While a money order and a postal order are often considered to be the same type of financial instrument, there are a few subtle differences between the two. Those differences focus on where the instruments are obtained, where they may be tendered for cash, and who will accept each as a form of payment. In some nations, the level of risk associated with them also creates an additional distinction between the two.

One of the chief differences between a money order and a postal order has to do with where the instruments may be purchased. A postal order is purchased directly from a national postal system, such as the US Postal Service or the Post Office in the United Kingdom. By contrast, a money order is produced by an independent financial service provider and may be purchased at any number of retail outlets, including supermarkets or drugstores.

Another key difference is the reputation of the two instruments. While there are exceptions, creditors are usually more willing to accept a postal money order over a money order issued by an independent financial services provider. One of the reasons for this is the perception that postal orders are more difficult to forge than money orders issued by other entities. In addition, there are providers who tend to be somewhat slow with honoring payment, a factor that may lead some creditors to not credit customer accounts until the funds are actually received. In contrast, the face value of the postal orders may be posted immediately, since the chances of forgery or some other issue are relatively low.

Cashing the financial instrument is another difference between a money order and a postal order. Many banks, along with most post offices, will honor a postal order immediately by providing cash to the individual presenting it. In contrast, a money order may not be eligible for immediate cashing. Instead, the presenter would need to deposit the order into a bank account, and allow the bank time to clear it. This is another reason why many creditors will accept postal orders but may decline payment tendered in the form of a money order.

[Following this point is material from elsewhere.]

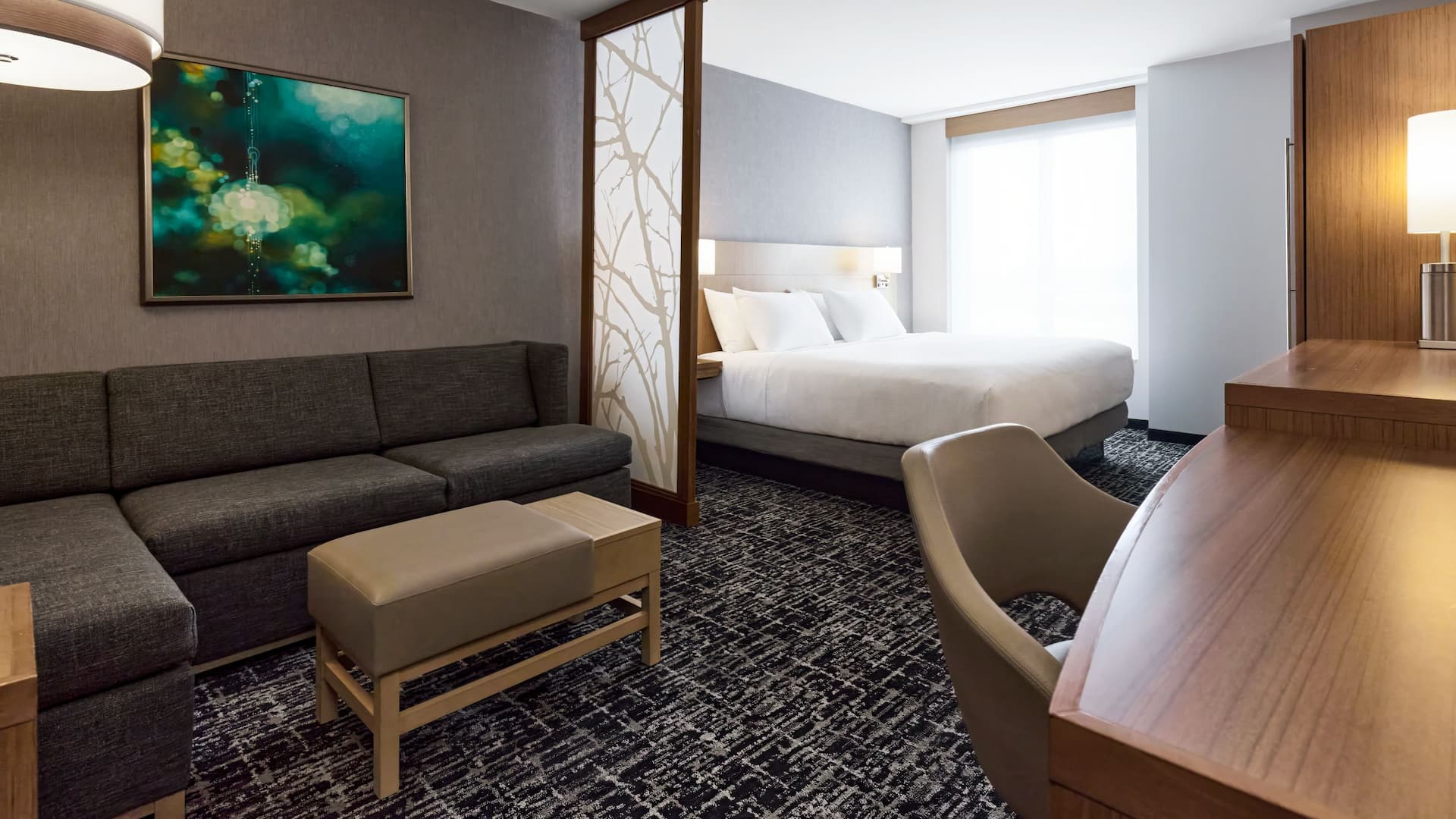 Hyatt Place New York/Yonkers King Bed With Sofa Overall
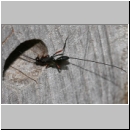 Stenarella domator - Schlupfwespe 01a 11mm-fdet03.jpg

Both orders are viable means of sending cash or tendering payments. Since the postal order is typically considered the more reliable of the two options, it’s probably the better choice when there is some doubt about where it will be cashed. Many businesses provide specific guidelines for using a money order or a postal order, including information regarding how long each instrument will take to post to a credit account, making it easier to determine which instrument is the best to use in a given situation.